Can I use my pension fund to pay for home extension?

Happy senior couple from behind looking at front of house and car

Ask the expert at Smith & Pinching about using a pension fund to pay for home improvements - Credit: Getty Images/iStockphoto

My latest statement about my pension shows that I have about £320,000 in my fund. I’m age 58 and not looking to retire for another 10 years. We would like to build an extension on our house and wonder if we can use some of my pension fund to pay for it. Is that a good idea?

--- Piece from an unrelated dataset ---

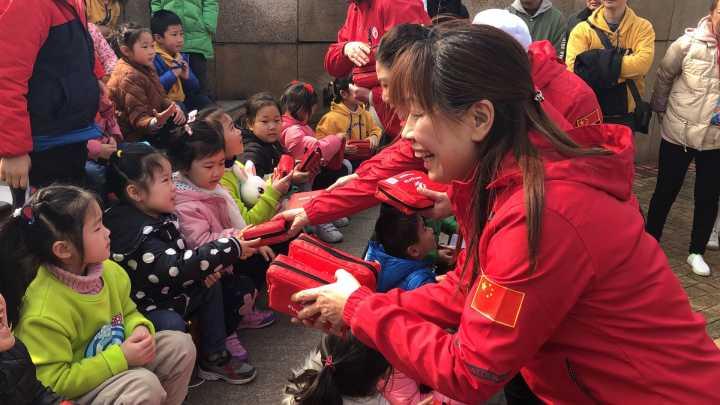 八旬爷爷幼儿园接娃反成爷爷，一场代际误会的社会镜像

Matthew Hinchliffe, Independent Financial Adviser with Smith & Pinching 

Matthew Hinchliffe, Independent Financial Adviser with Smith & Pinching - Credit: Smith & Pinching

Matthew Hinchliffe of Smith & Pinching responds:

Taking cash from your pension is certainly one of the options you might consider, particularly if you have no other savings or investments available. You can access your pension savings at any stage from the minimum retirement age of 55, although that is due to go up to age 57 on April 6, 2028.

From your question, I’m assuming that you have a Defined Contribution (DC) pension where the value of the fund is based on the contributions you and perhaps your employer have made to the fund, plus any tax relief and investment growth.

With a DC pension, you are entitled to take up to a quarter of the fund as a tax-free lump sum. This may well provide you with the resources you need for your extension, but it’s important to remember that any withdrawals you take from your pension fund before retirement will reduce the amount available to you to provide an income once you’ve retired.

If you take more than your tax-free cash entitlement, the excess will be counted as income for tax purposes and you would be likely to pay tax at your highest rate on it. In addition, you may trigger something called the Money Purchase Annual Allowance (MPAA) which would have a significant impact on what you can save into your pension in the remaining years of your working life. Once the MPAA has been triggered the amount you can contribute to your fund in the tax year drops to just £4,000 (as of April 2022). If you are making pension contributions and getting contributions from your employer to a workplace scheme, you may contravene the MPAA and suffer a tax charge as a result.

The alternative to a DC pension is a Defined Benefit (DB) pension where your pension benefits are calculated according to your salary and length of service. The tax-free cash rules may be different for some DB schemes. I suggest you take independent financial advice to work out if you can take the tax-free lump sum now and still achieve your retirement objectives.

Any opinions expressed in this article do not constitute advice. The value of an investment and the income from it could go down as well as up. The return at the end of the investment period is not guaranteed and you may get back less than you originally invested.